The late R&B singer’s estate says it’s “working diligently to protect what is in [its] control”, and thanks fans for their “continued support”.
It seems fans of the late Aaliyah will have to wait a little while longer before they can access her full discography on streaming platforms. The singer’s estate posted a new update on 15 January, the day before what would have been Aaliyah’s 42nd birthday, addressed to “our loyal fans”.
“We hear you and we see you,” reads the statement, posted to the late singer’s Twitter account. “While we share your sentiments and desire to have Aaliyah’s music released, we must acknowledge that these matters are not within our control and, unfortunately, take time. Our inability to share Aaliyah’s music and artistry with the world has been as difficult for us as it has been for all of you. Our priority has always been and will continue to be Aaliyah’s music.”
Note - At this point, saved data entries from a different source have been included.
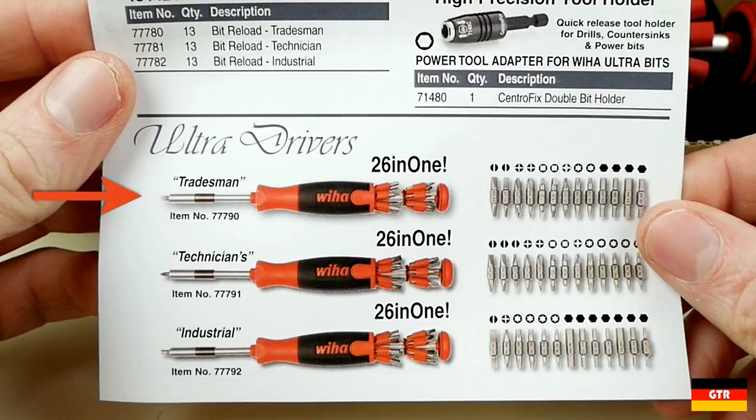The Tradesman with part number 77790, which is the one I purchased here, includes a little bit of everything including slotted, phillips, posi drive, square, torx, and hex bits. The Technician model has part number 77791 and includes a larger selection of slotted bits and replaces the hex bits with an extended torx bit selection. The last model is the industrial version with part number 77792 and is heavy on the hex and torx bits with only a single bit each for slotted and phillips.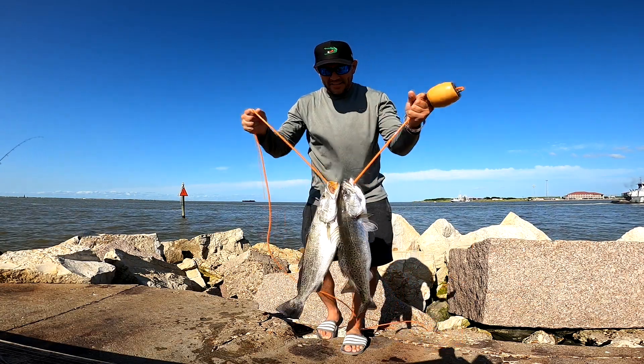Might be a trout — I don't know what it is. Speckled trout! Yes sir, that's a good one. Good trout, good trout — solid trout. Yes sir, solid one, good trout.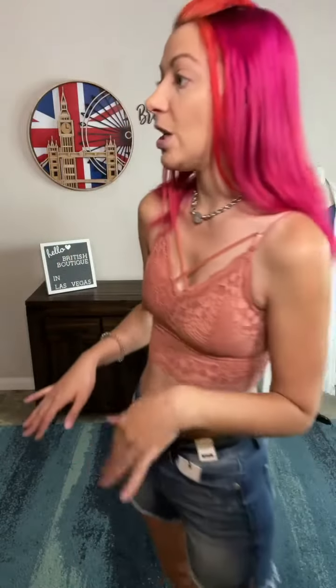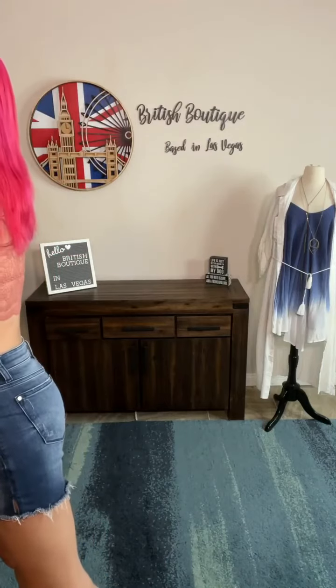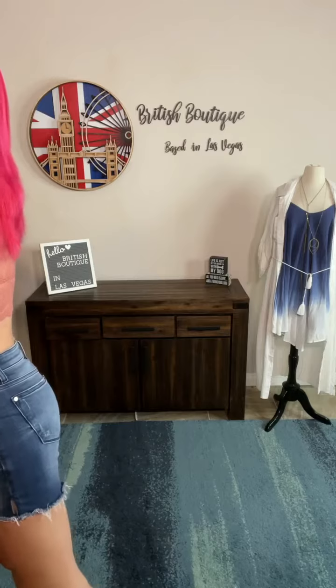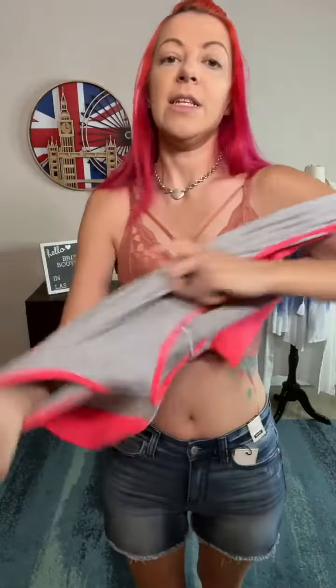These are limited edition and we're sold out of a lot of colors already. I'm just going to throw a tank on to show you what I mean about the little straps — super cute detail. Whether you're wearing a tight one or a loose one, you can see what I mean with that little extra strap detail.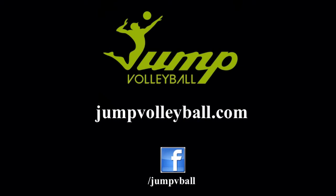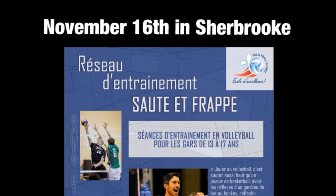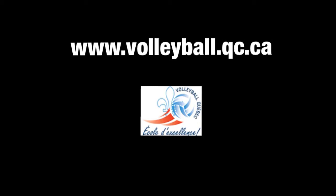Try this tip this week, guys. Share it with your teammates and check out our Facebook page for last week's contest winners. We also invite you to check out this cool Volleyball Quebec project to promote boys volleyball. They are hosting an awesome event in Sherbrooke this weekend, which we are proud to be a part of. Just visit Volleyball Quebec's website and come back here next week for another helpful tip.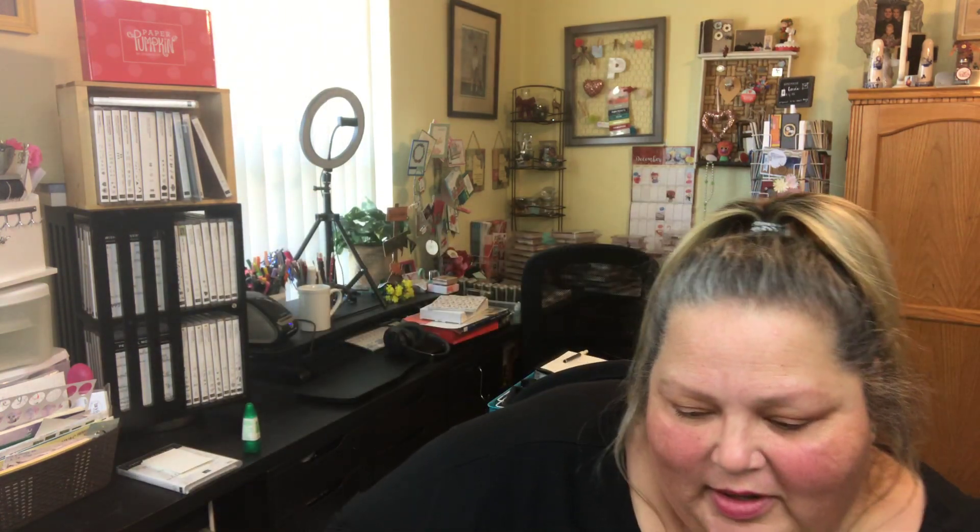Hi beauties, it's Jean Persani with Beauty and the Stamper! Look at what I got from Stampin' Up. Let's go ahead and open this up and see what I've got. Of course, we got the free bubble wrap — that's always fun! Let's see, I wanted to get some refills on stuff, so I got some good stuff.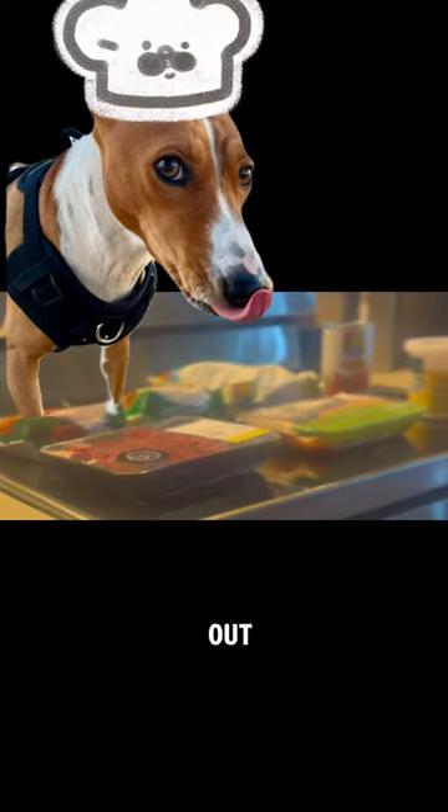Hey everyone, it's Kali Rose. Check this out. Today is your lucky day — you're gonna learn how mom makes my food.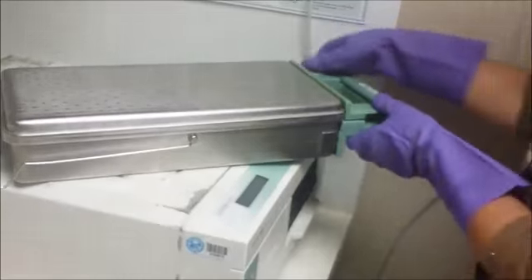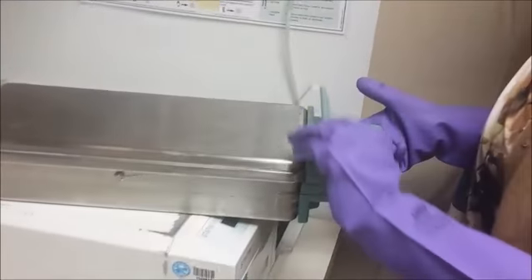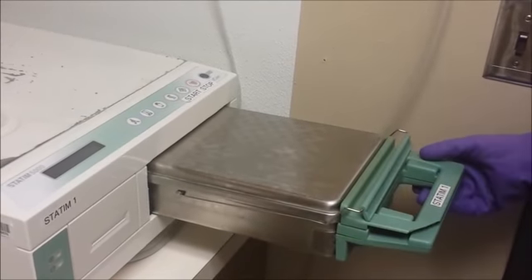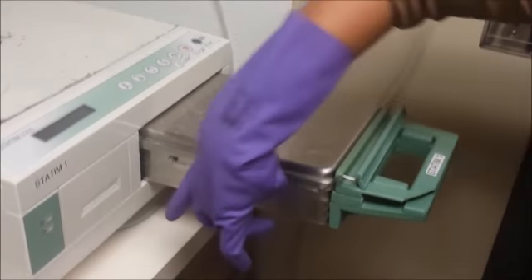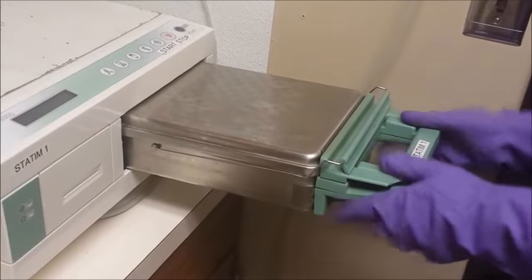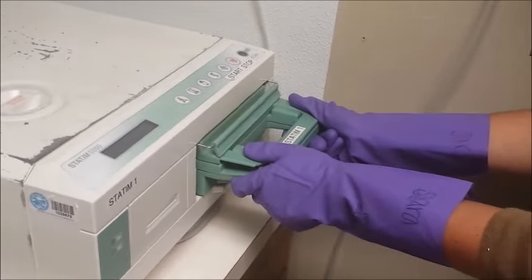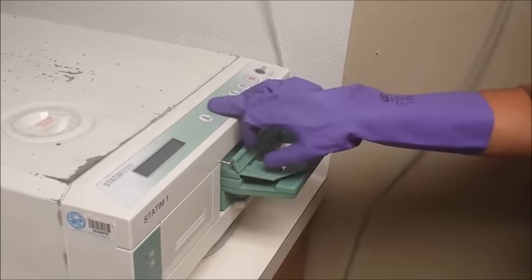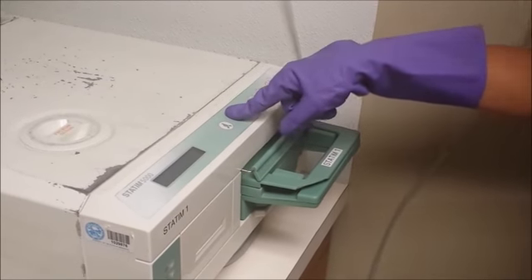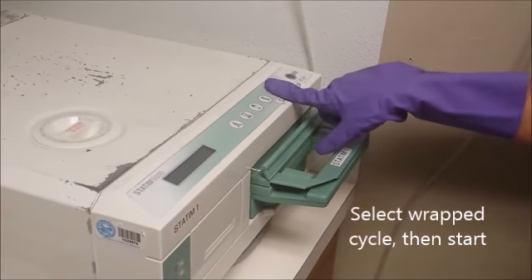Here's how to close the cassette and select a cycle. Pinch the cassette closed, place the arm over the top, and slide it in — making sure it's not upside down. The narrow part is the top and the deep basin part is the bottom. Push it in until you hear a click. Then press the cycle you want — for the most part we'll be selecting the wrap cycle — and push the start button.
“In the meantime, however, we are working diligently to protect what is in our control – Aaliyah’s brand, legacy, and intellectual property,” the statement continued. “In doing so, we will continue to release unique and exciting projects to keep Aaliyah’s legacy and light shining. Undoubtedly, we understand how frustration can lead to angry and disappointment. However, we ask all of you for your continued support and love as we aim to achieve these goals for all of you and our babygirl.”
— Aaliyah (@AaliyahHaughton) January 15, 2021
Aaliyah died in an airplane crash on 25 August 2001. She was 22 at the time. Her estate last shared updates on the journey to bring her music to streaming platforms on 25 August 2020, the 19th anniversary of her death. In a statement also posted to Twitter her estate claimed that it had commenced communication with “various record labels” about the status of the singer’s catalogue as well as “its availability on streaming platforms in the near future.”
At present, some of Aaliyah’s early work, including her 1994 debut album Age Ain’t Nothing But a Number, is available to stream on major platforms such as Spotify. However, releases like 1996’s One in a Million and her 2001 self-titled album still remain absent.